McGlynn—together with his advisor and co-author Kelly Schultz (pictured), an associate professor of chemical and biomolecular engineering—developed a method that will help researchers better quantify the stiffness of nonuniform hydrogels and, therefore, better match the properties of human tissue. That method is described in a paper recently published in Macromolecules, with McGlynn as lead author.

“In our lab, we hadn’t investigated materials with nonuniform stiffness," he says. "We wanted to see what the impact of these changes in stiffness had on the migration and motility of cells encapsulated in the network.”

While hydrogels with a stiffness gradient can better mimic native tissue, he says, they can also yield better control over certain aspects of the stem cell, such as its shape, its rate of migration, and its lineage specification, which determines what type of cell it will become.

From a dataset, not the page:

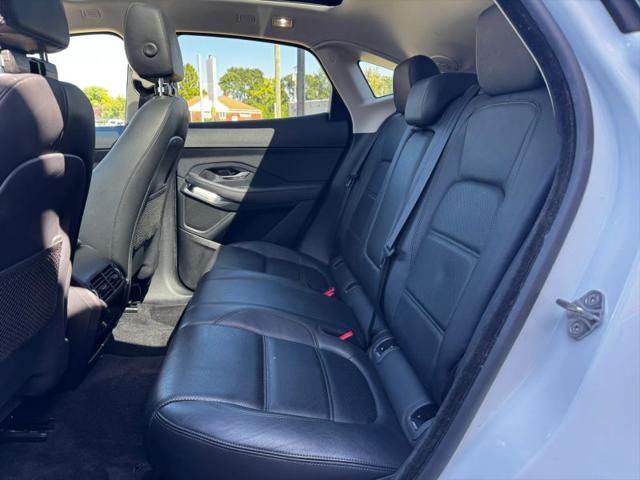 2020 Jaguar E-PACE P250 AWD Automatic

“If you can precisely control the changes in the stiffness of the material, you could better control cell behavior, which could translate into more controlled cell delivery and better wound repair,” he says.

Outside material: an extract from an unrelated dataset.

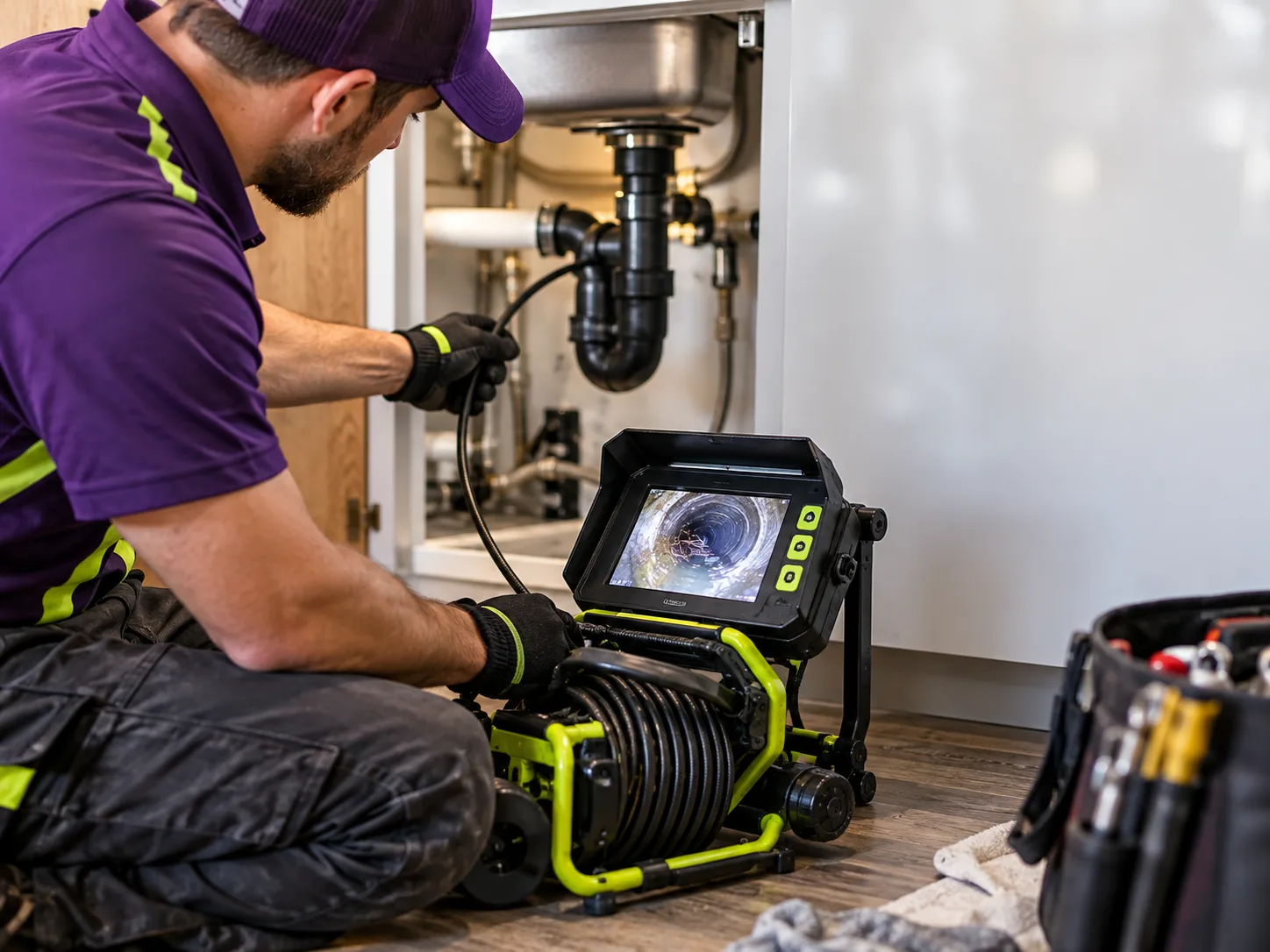 Drain Cleaning company in Shidler, OK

The method he devised to quantify stiffness involves using ultraviolet (UV) light exposure. By varying the degree of UV light intensity across regions of the hydrogel, he could change the extent of reaction, or the degree by which polymers cross-linked, causing the region to autofluoresce. The brighter the region, the stiffer the material. McGlynn says that brightness is likely due to a phenomenon called aggregation-induced emission. He says this no-touch technique of measuring stiffness is an improvement upon a common method called atomic force microscopy, which involves applying a force to the hydrogel and measuring its response.

“That technique can actually damage the native structure, and there are other assumptions involved with it that can invalidate your measurements,” he says.

For researchers focused on improving the design of implantable devices that will help patients heal faster with less pain, this new method is yet another important step forward. And it isn’t limited to the medical field.

“There’s a huge library of hydrogels, with applications in areas like cultured meat, and this technique is applicable to many of them,” says McGlynn. “We hope that other researchers will use it to enhance their own work.”